## DATA FOR PROCESSING:

+---+

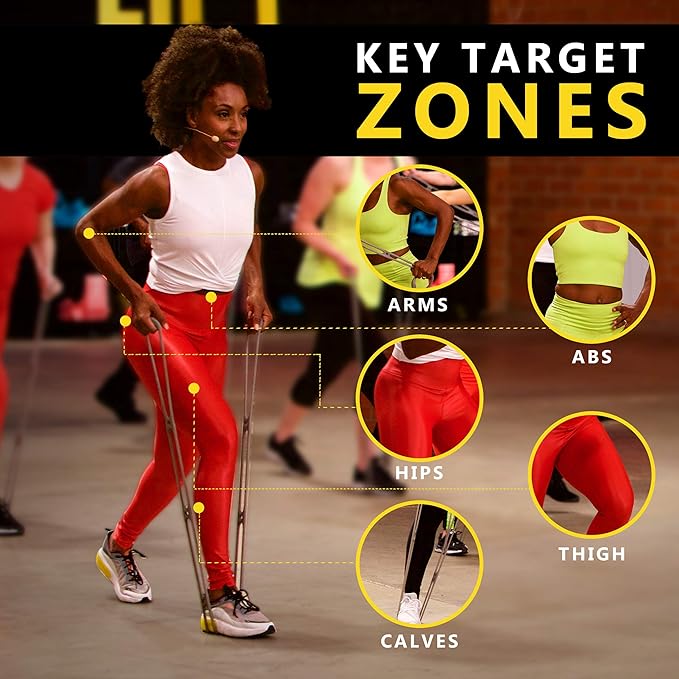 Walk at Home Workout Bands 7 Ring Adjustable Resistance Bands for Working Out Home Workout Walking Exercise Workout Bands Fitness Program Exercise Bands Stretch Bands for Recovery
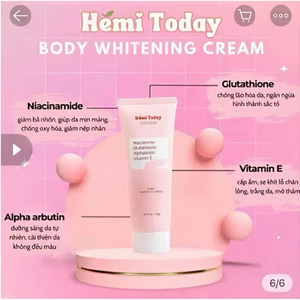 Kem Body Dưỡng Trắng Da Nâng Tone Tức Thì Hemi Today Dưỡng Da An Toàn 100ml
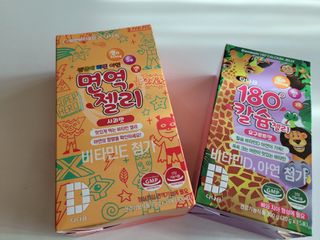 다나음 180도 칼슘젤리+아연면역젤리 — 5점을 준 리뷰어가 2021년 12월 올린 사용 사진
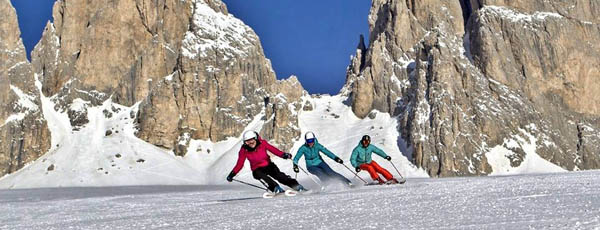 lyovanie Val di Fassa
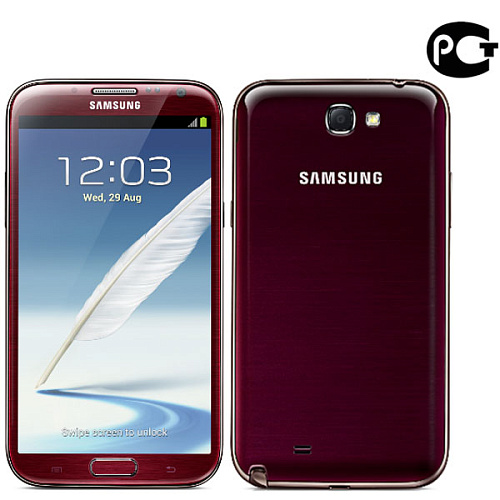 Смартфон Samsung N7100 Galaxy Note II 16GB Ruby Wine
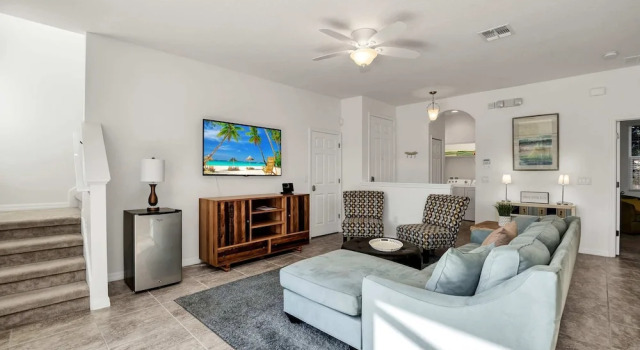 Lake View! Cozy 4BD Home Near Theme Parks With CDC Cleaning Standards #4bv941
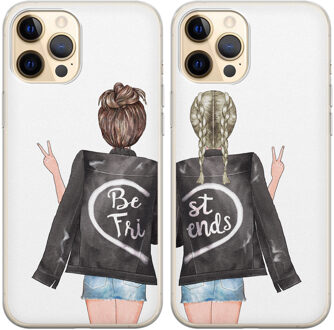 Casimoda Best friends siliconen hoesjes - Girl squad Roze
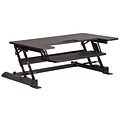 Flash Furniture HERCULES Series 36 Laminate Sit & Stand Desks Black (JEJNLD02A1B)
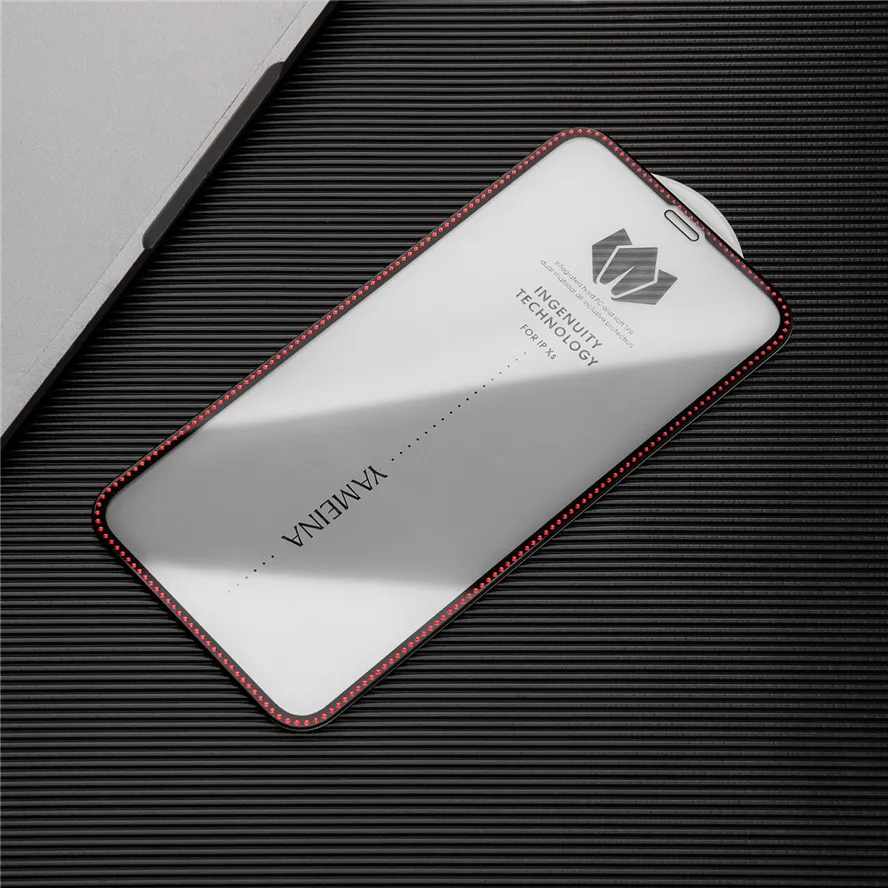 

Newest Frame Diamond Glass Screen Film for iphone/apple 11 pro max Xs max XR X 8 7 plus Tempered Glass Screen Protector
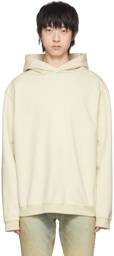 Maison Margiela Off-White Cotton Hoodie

+---+

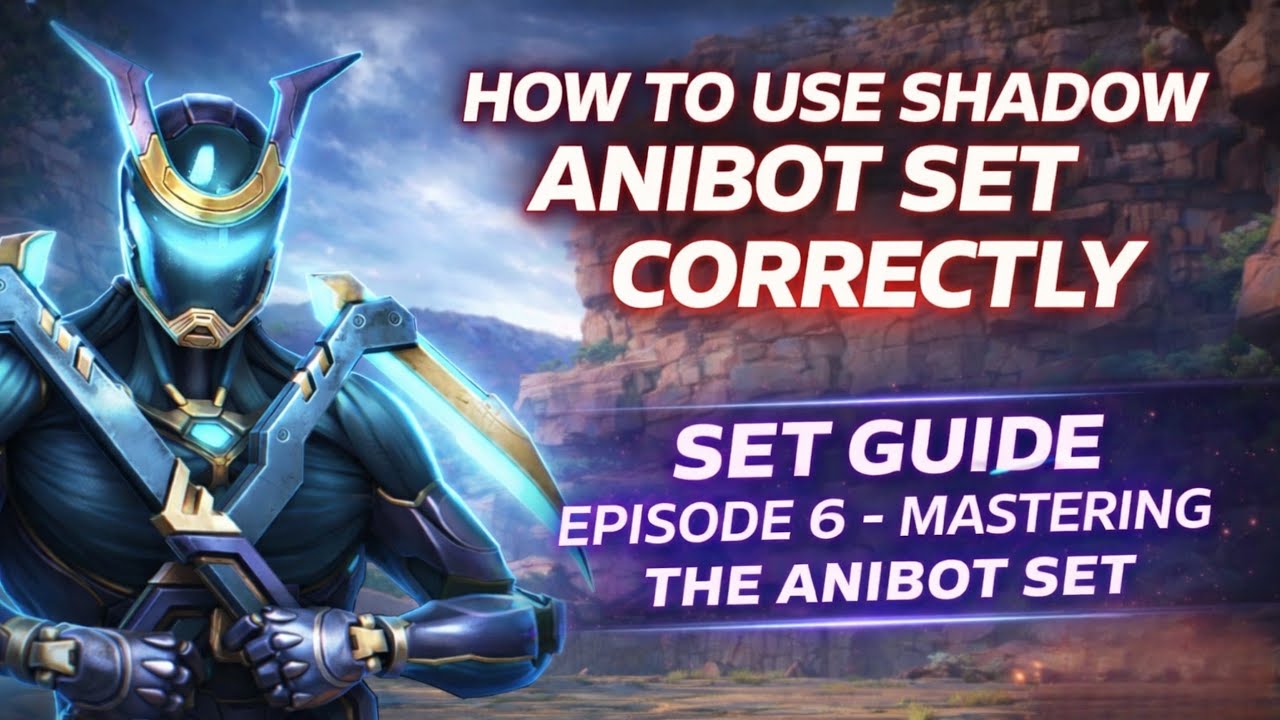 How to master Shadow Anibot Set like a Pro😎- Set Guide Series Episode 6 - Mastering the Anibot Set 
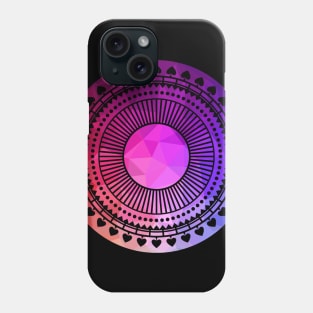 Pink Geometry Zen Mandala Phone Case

+---+

## REQUIREMENT:
In the records above, copy exactly everything from the line that has "다나음 180도 칼슘젤리+아연면역젤리" down to the line that has "Maison Margiela Off-White Cotton Hoodie", both ends included, and leave out the pictures.

## RESULT BELOW:
 다나음 180도 칼슘젤리+아연면역젤리 — 5점을 준 리뷰어가 2021년 12월 올린 사용 사진
 lyovanie Val di Fassa
 Смартфон Samsung N7100 Galaxy Note II 16GB Ruby Wine
 Lake View! Cozy 4BD Home Near Theme Parks With CDC Cleaning Standards #4bv941
 Casimoda Best friends siliconen hoesjes - Girl squad Roze
 Flash Furniture HERCULES Series 36 Laminate Sit & Stand Desks Black (JEJNLD02A1B)

Newest Frame Diamond Glass Screen Film for iphone/apple 11 pro max Xs max XR X 8 7 plus Tempered Glass Screen Protector
 Maison Margiela Off-White Cotton Hoodie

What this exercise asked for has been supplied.